Thanks to the heat, we here in the South have been forced indoors in the afternoons. It’s too hot to ride bikes; it’s too hot to play ball; heck, it’s even too hot to go swimming in the pool! What’s a family of four to do?
Luckily, there are still some games around geared towards the young-ones. Interestingly, they are the same games we adults loved as a child–Candyland, Chutes and Ladders, Hi-Ho! Cherry-O. All classics and all pretty much the only games on the market for the “under 5” crowd.
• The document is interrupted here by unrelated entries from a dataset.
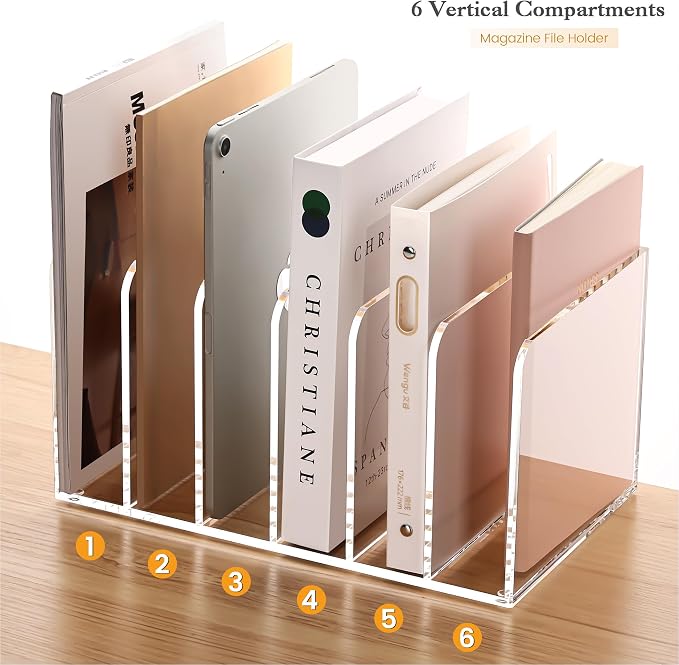 YUXUN Acrylic Magazine Holder, Book Storage-Office/Home/Classroom Organization - Image 3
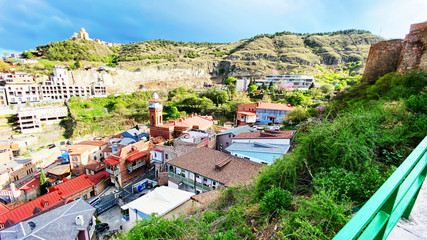 TBILISI, GEORGIA  APRIL 19, 2020:  Beautiful aerial view of the old part of city   in Tbilisi, Georgia © Victoria Key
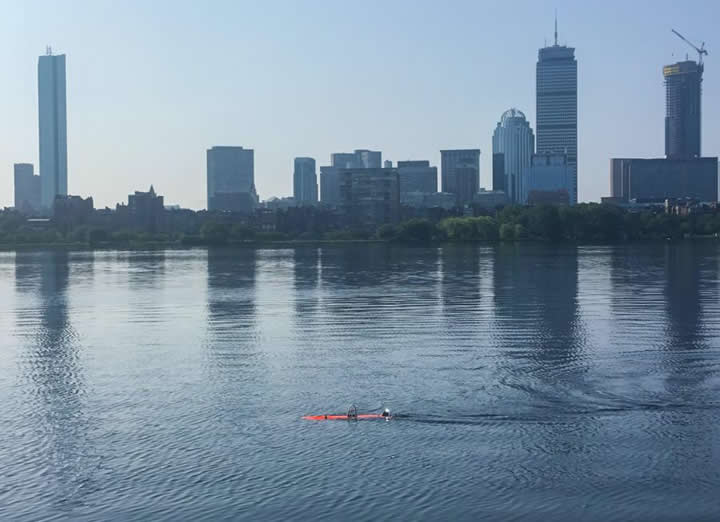 Researchers have developed a passive acoustic remote sensing method for unmanned underwater vehicles, which was demonstrated in Charles River field experiments, pictured here.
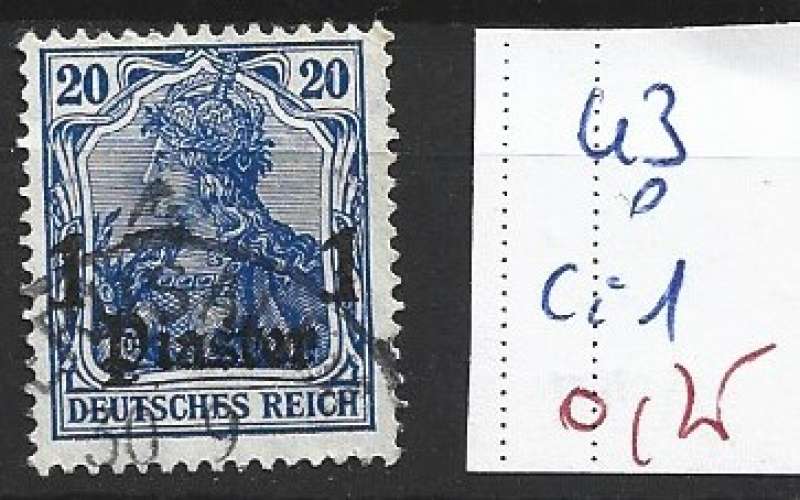 LEVANT ALLEMAND 43 oblitéré côte 1 € 
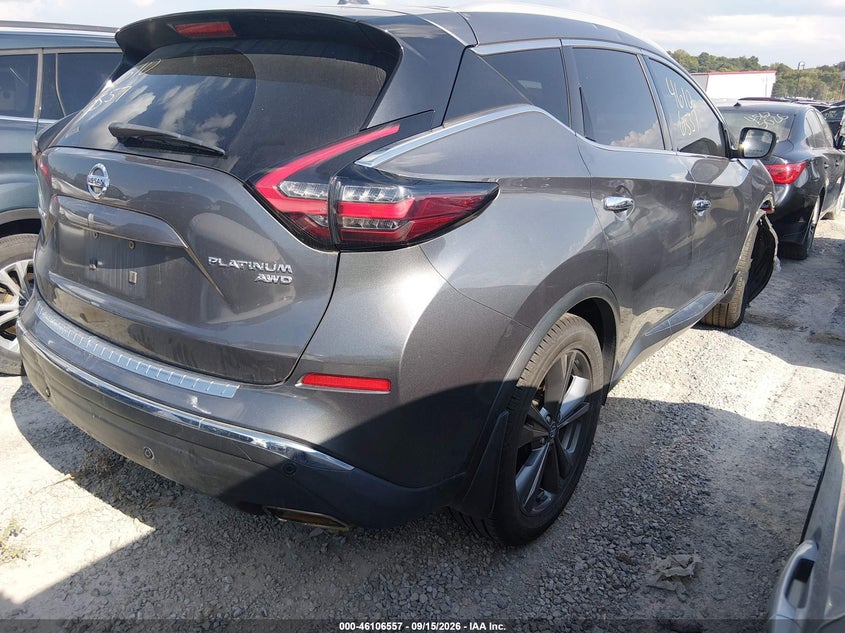 Vin: 5n1az2ms6kn152285, lot: 46606215, nissan murano platinum 20194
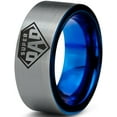 thumbnail image 1 of Tungsten Superhero Super Dad Emblem Symbol Band Ring 8mm Men Women Comfort Fit Blue Flat Cut Brushed Gray Polished, 1 of 4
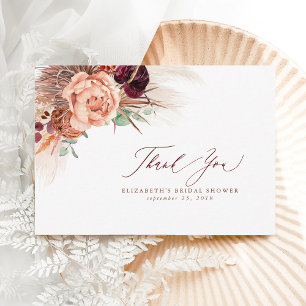 Carte De Remerciements Remerciement petit shower de mariage floral en ter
Obviously we don’t still have our childhood boardgames lying around so we went off to our friendly neighborhood Target and purchased a few games to while away those long hot summer afternoon. As it turns out, Candyland has become my three year olds favorite game; so much so in fact that while the board itself is still in fine shape, the flimsy cards have become so over-handled that I can’t even put a proper poker shuffle on them anymore.
The funny thing about this game though, is how it’s evolved over the years. Take note:
Notice how in the old version of candyland, the two kids are whitebread, blond crackers and in the new, politically correct version, we have a cross-sample representation of ethnicities and genders.
Why am I not surprised?
But anyway, my son loves this game, but more importantly, he loves to WIN! We’ve been very careful to explain to him that the game is random and anyone can win at any time, to which he responds, “But you can’t win everyday.” The truth is however, that by hook or by crook, he seems to win more than anyone, but it’s never enough. Should you get up from the game to go stir the pot of soup, or to put fallen baby back up in a sitting position, he will sneakily look through the stack of cards for either the “lollipop” or “ice cream” cards, which move one near the end of the game and close to winning. Another of his tactics is to skip a color. So, if he pulls a card with one red square, he’ll move two; if the card says two red squares, he’ll move three. He’s very sneaky.
We’ve tried to explain to him that this is cheating and I’m particularly careful to ensure that he follows the rules, but I will admit to “fixing” it on the rare occasion where we adults have consistently won a game or two just so he gets the satisfaction of winning. And of course he loves it. But he’s coming around to losing with grace. Generally it involves him saying, “Ok, let’s play again and I guess I’m gonna win.”
Now if we can only teach him how to be a graceful winner, rather than cackling like a crow who just found a new shiny object, we’ll be in business.